Debt securities include government bonds, corporate bonds, money-market instruments, CDs, municipal bonds, preferred stock, collateralized securities (such as CDOs, CMOs) and zero-coupon securities. The interest rate on a debt security is largely determined by the perceived repayment ability of the borrower; higher risks of payment default almost always lead to higher interest rates. Furthermore, debt securities on the whole are safer investments than equity securities, but riskier than cash. They are typically classified and grouped by their level of default risk, the type of issuer and income payment cycles.
Illiquid listed or privately issued warrants, structured products, derivatives structures linked to interest rates, commodities, single stock or equity indices.

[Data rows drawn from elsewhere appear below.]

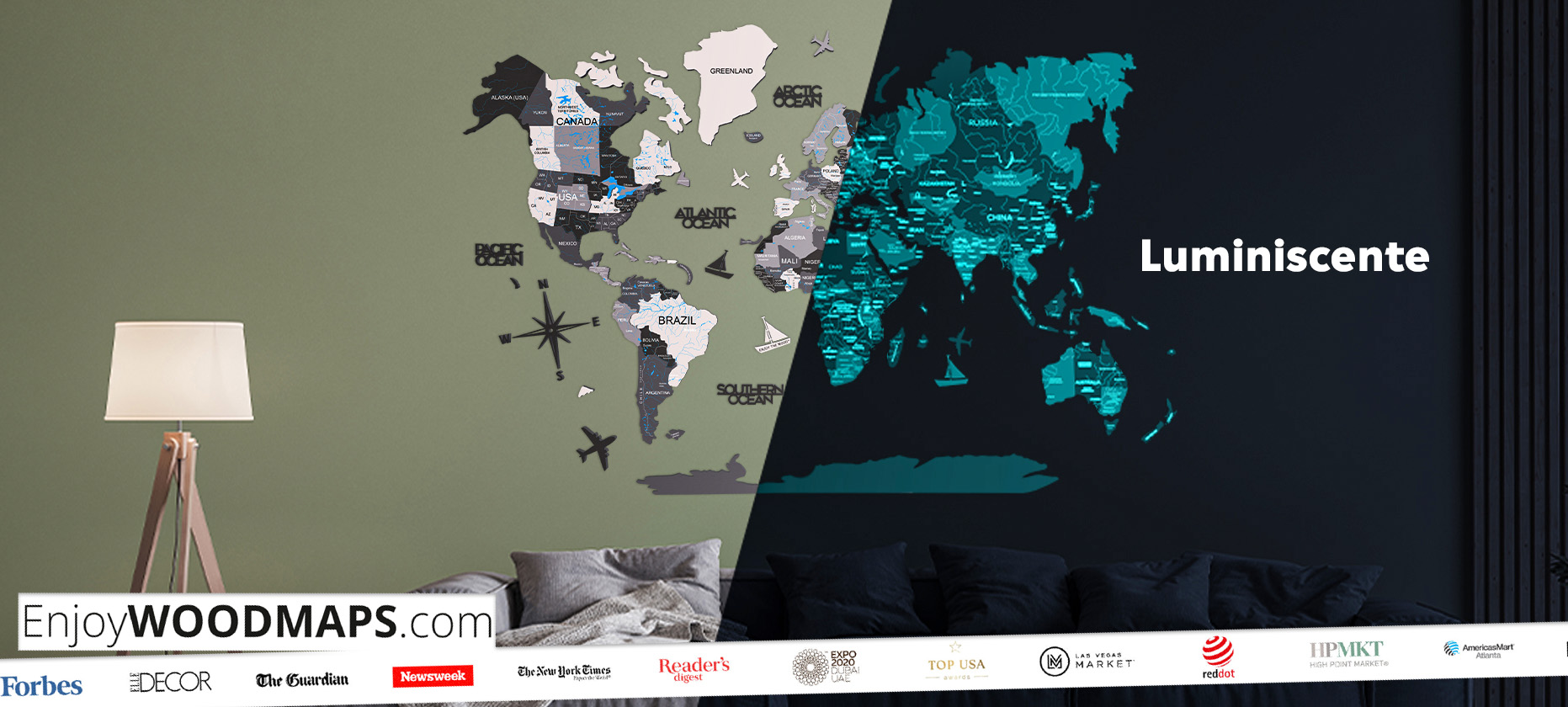 Transforma tus paredes con el Mapa Mundial de Madera 3D Luminiscente de Enjoy The Wood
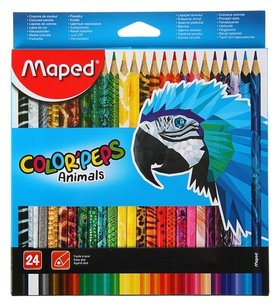 Карандаши трёхгранные 24 цвета Animals Maped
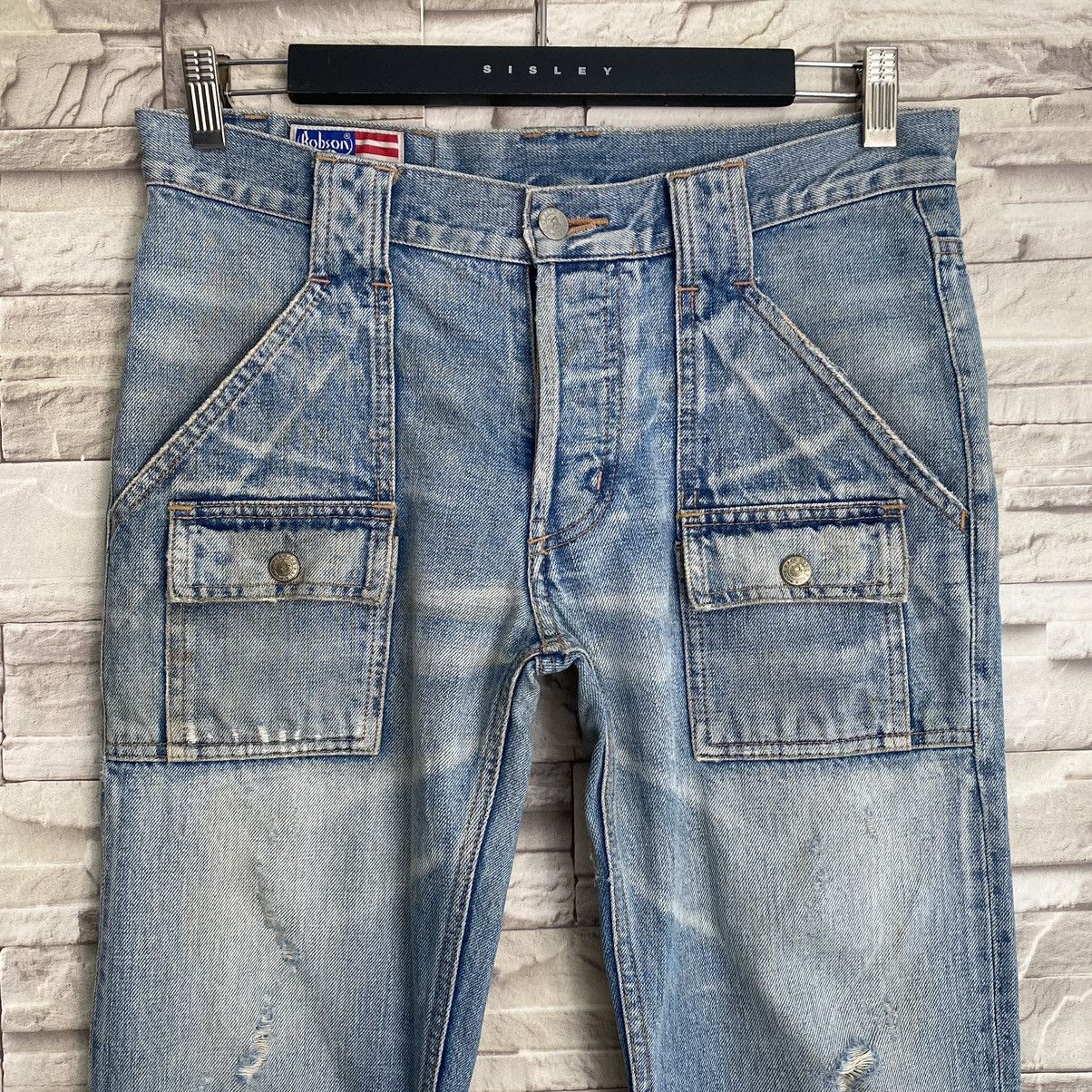 Backbone Vintage Backbone Distressed Denim Bush Flare Pants Size US 31 - 3 Thumbnail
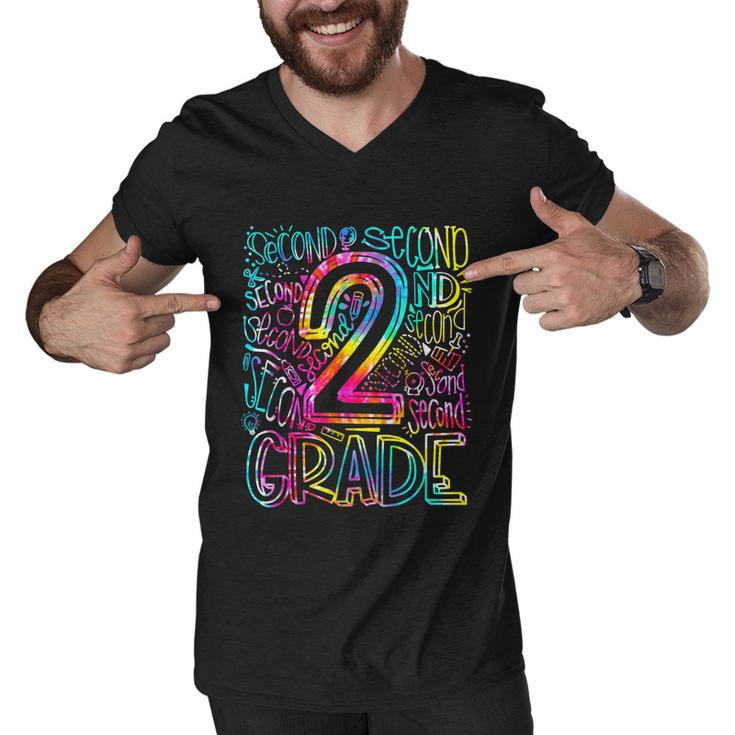 Tie Dye 2Nd Grade Typography Team Second Grade Teacher Gift Men V-Neck Tshirt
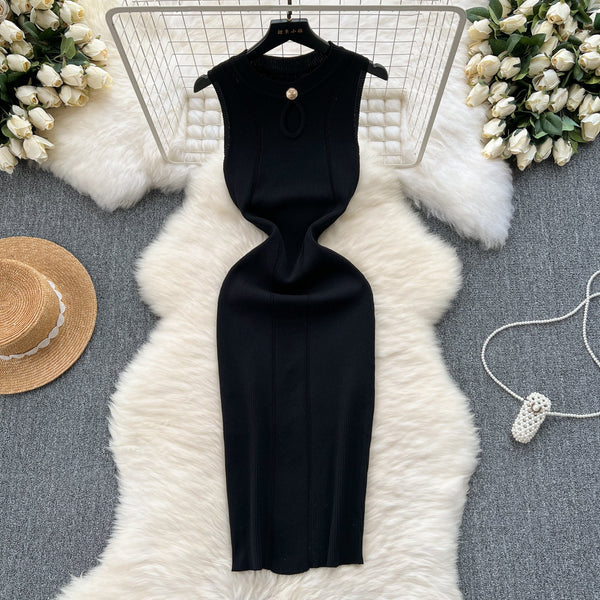 Round Collar Hollowed Knitted Dress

A warrant is a derivative security that gives the holder the right to purchase a certain amount of securities (usually equity) from the issuer at a specific price and within a certain time frame. Warrants are often included in a new debt issue, such as a bond or preferred stock, as a "sweetener" to entice investors.
The main difference between warrants and call options is that warrants are issued and guaranteed by the company, whereas options are exchange instruments and are not issued by the company. Also, the lifetime of a warrant is often measured in years, while the lifetime of a typical option is measured in months.

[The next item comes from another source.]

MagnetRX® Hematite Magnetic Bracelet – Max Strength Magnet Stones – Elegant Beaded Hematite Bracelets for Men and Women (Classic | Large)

Convertible bonds are bonds with the right to convert to a predetermined amount of ordinary shares or preference shares, instead of getting cash repayment. This conversion occurs at a predetermined price and a stated time in the future. The terms are set at issue but are executed usually at the discretion of the bondholder. Convertible bonds are also sometimes called "CVs".
From the investor's perspective, a convertible bond has a value-added component built into it; it is essentially a bond with a stock option hidden inside. Thus, it tends to offer a lower rate of return in exchange for the value of the option to trade the bond into stock.
Illiquid listed or private company preferred shares, convertible preferred shares, restricted or unregistered preferred shares, minority or majority preferred share blocks.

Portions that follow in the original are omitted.